■ **Activity**
Look below for the line that contains "Electrician's 90° Angle", then quote it and all the lines after it, exactly, with the pictures left out.

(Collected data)
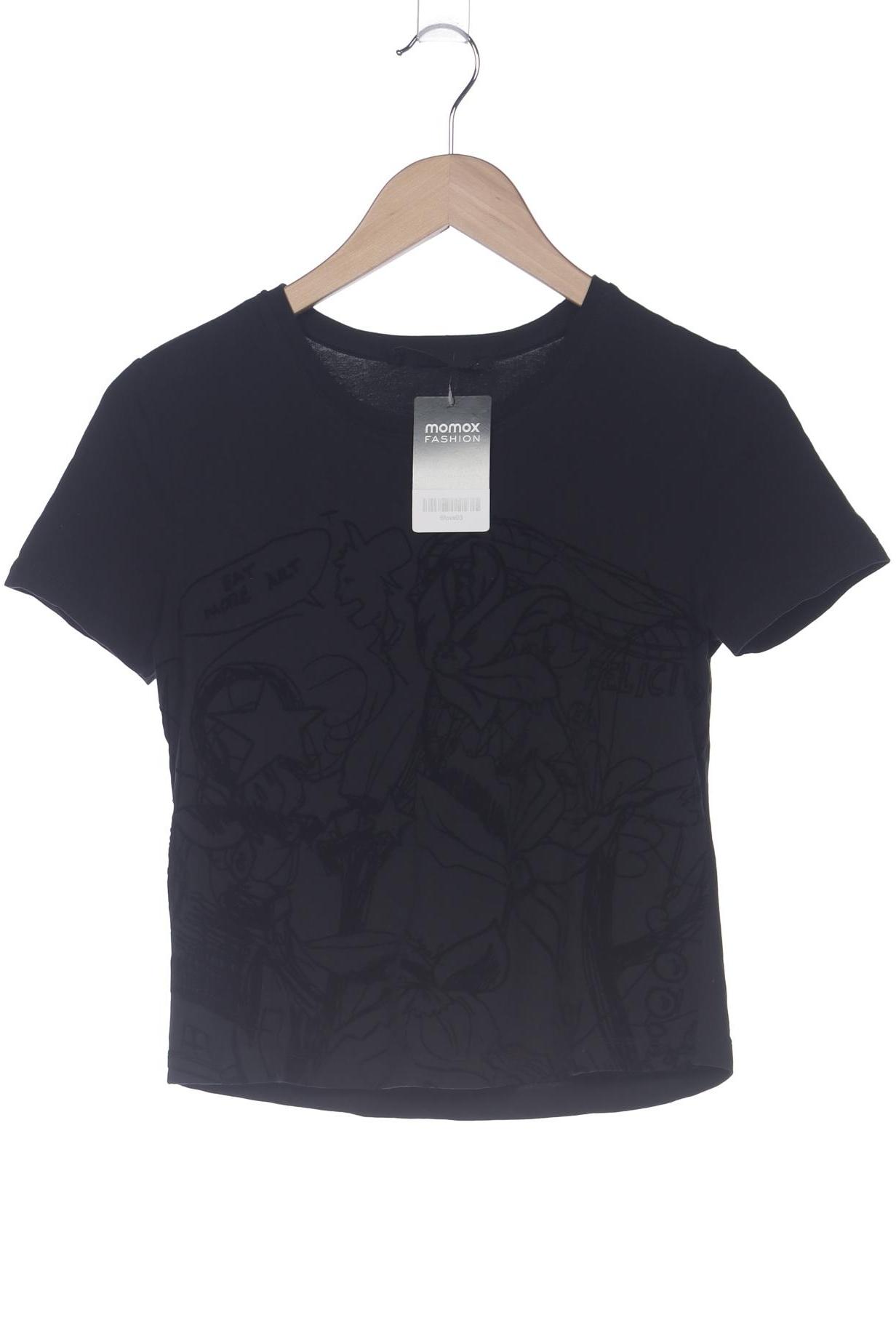 

Desigual Damen T-Shirt, schwarz, Gr. 42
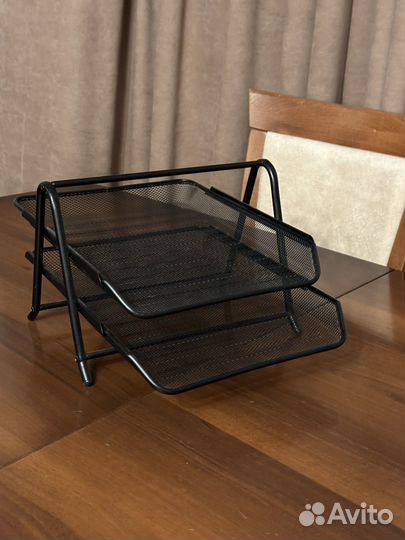 Лоток для бумаг горизонтальный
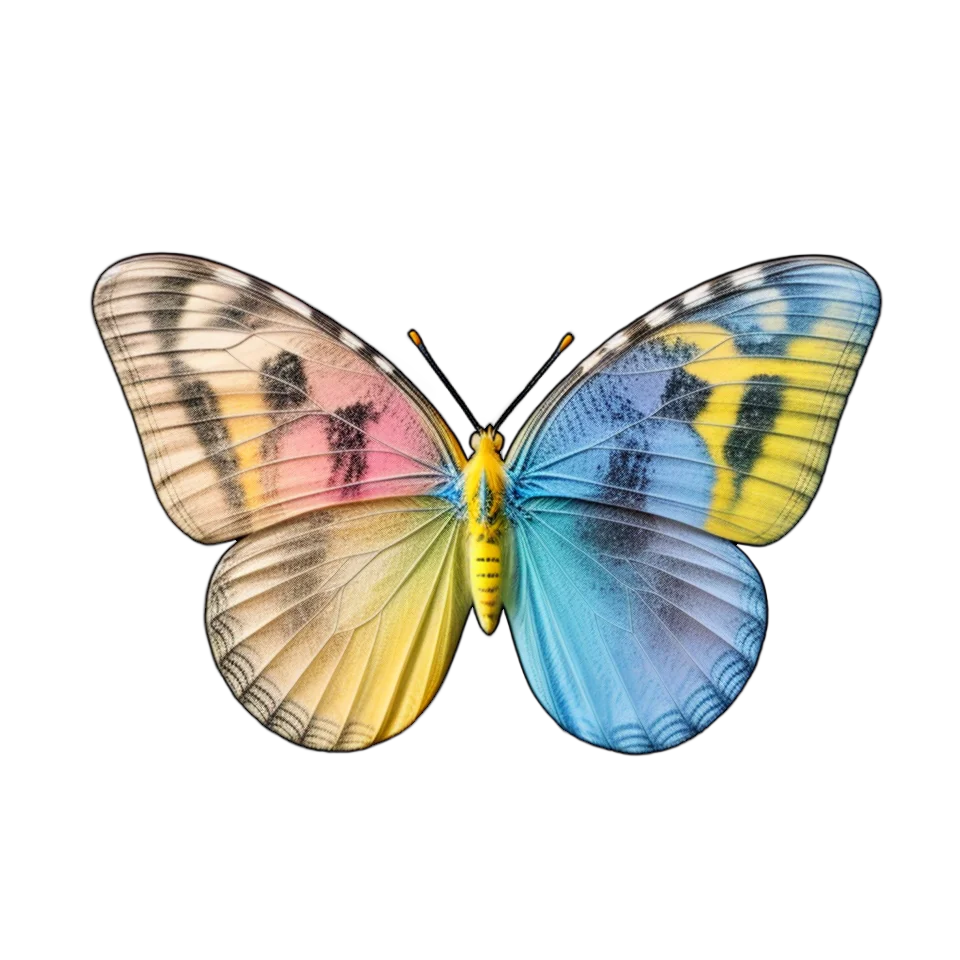 Generated Butterfly Image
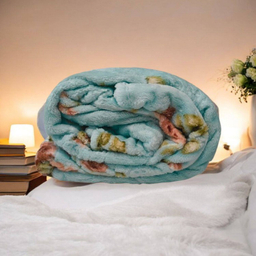 پتو  یک نفره تیسا مدل لایف سایز 150×220 سانتی‌ متر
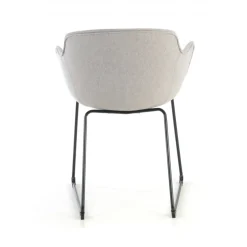 Sedia Sala Attesa Laure, Cantilever, Imbottitura Spessa, Imbottita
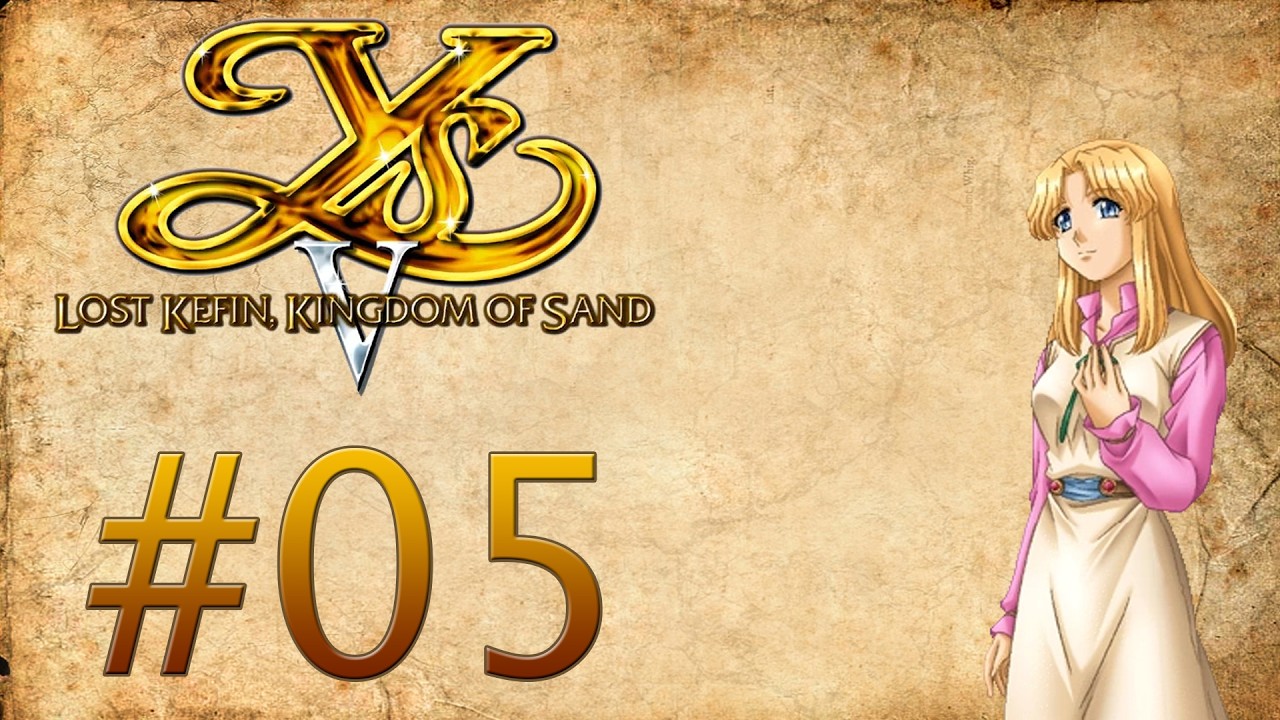 Ys V: Lost Kefin, Kingdom of Sand #05: Tarapaty w jaskini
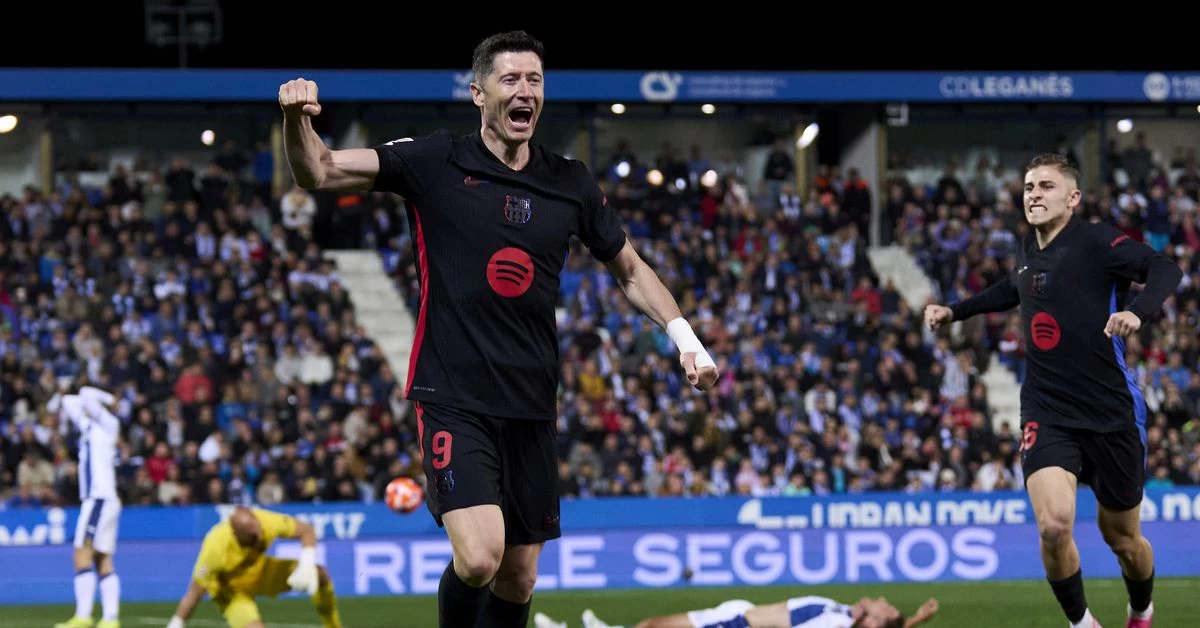 Barcelona Amankan Kemenangan Tipis 1-0 atas Leganés, Kokoh di Puncak Klasemen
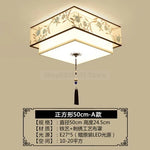 lampe suspendue moderne orientale têtes têtes fleurs feuilles cadre noir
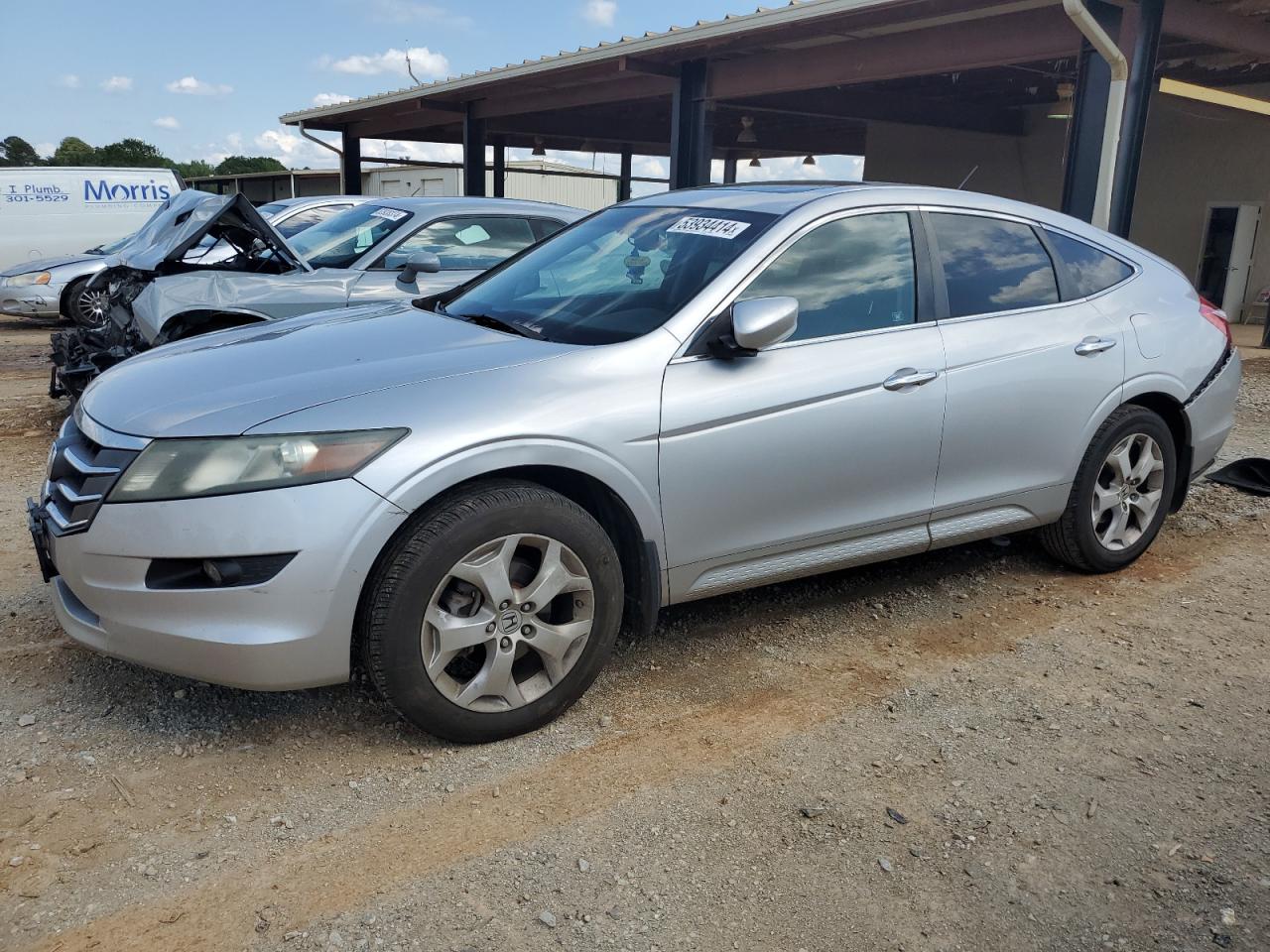 5J6TF1H55AL016013 2010 Honda Accord Crosstour Exl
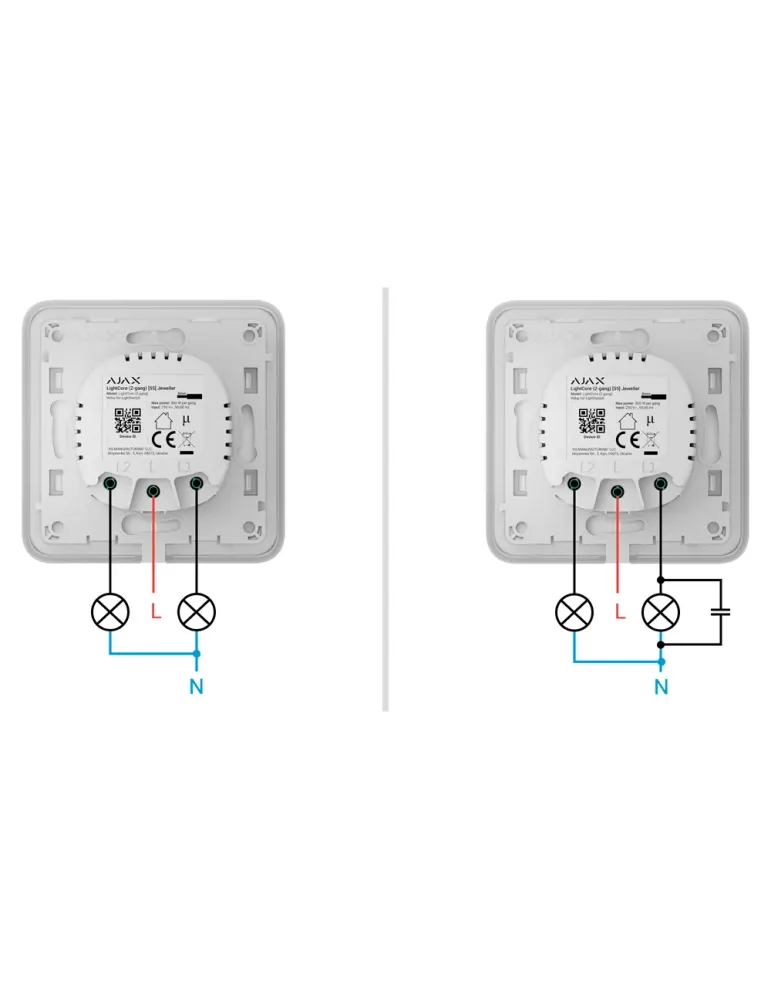 Compra el Relé AJAX para Smart Switch AJ-LIGHTCORE-2G - Envío Gratis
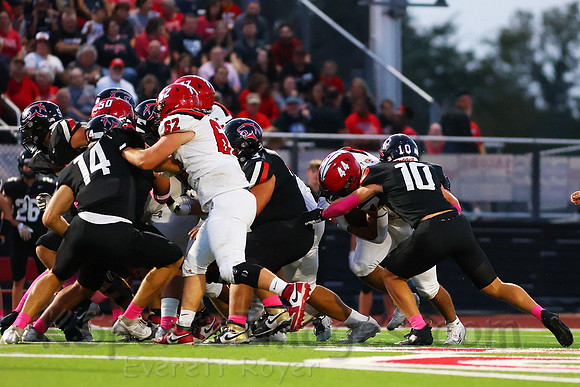 Great Bend vs Liberal  Football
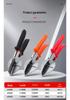 Electrician's 90° Angle Cut Shears for Cable Trunking, Woodworking, and PVC, with Adjustable Clip and Strip Sealing Edge Tool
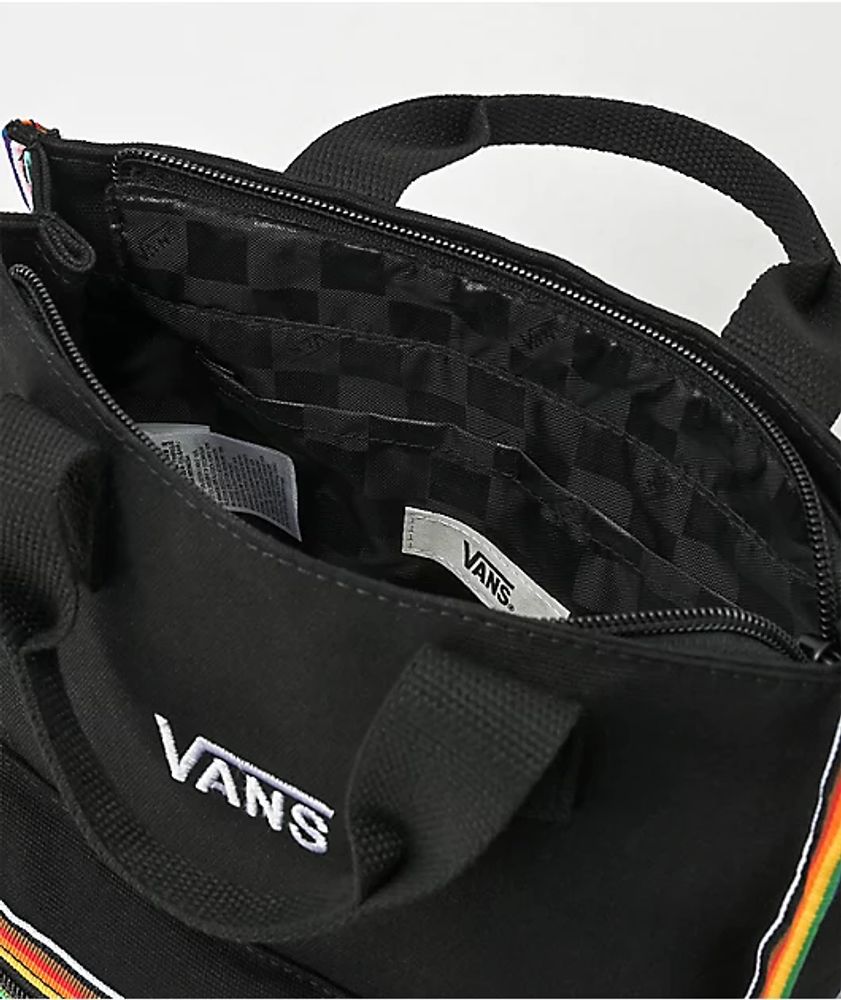 Vans Pride 2022 Free Hand Black Tote Bag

■ **Solution**
 Electrician's 90° Angle Cut Shears for Cable Trunking, Woodworking, and PVC, with Adjustable Clip and Strip Sealing Edge Tool
 Vans Pride 2022 Free Hand Black Tote Bag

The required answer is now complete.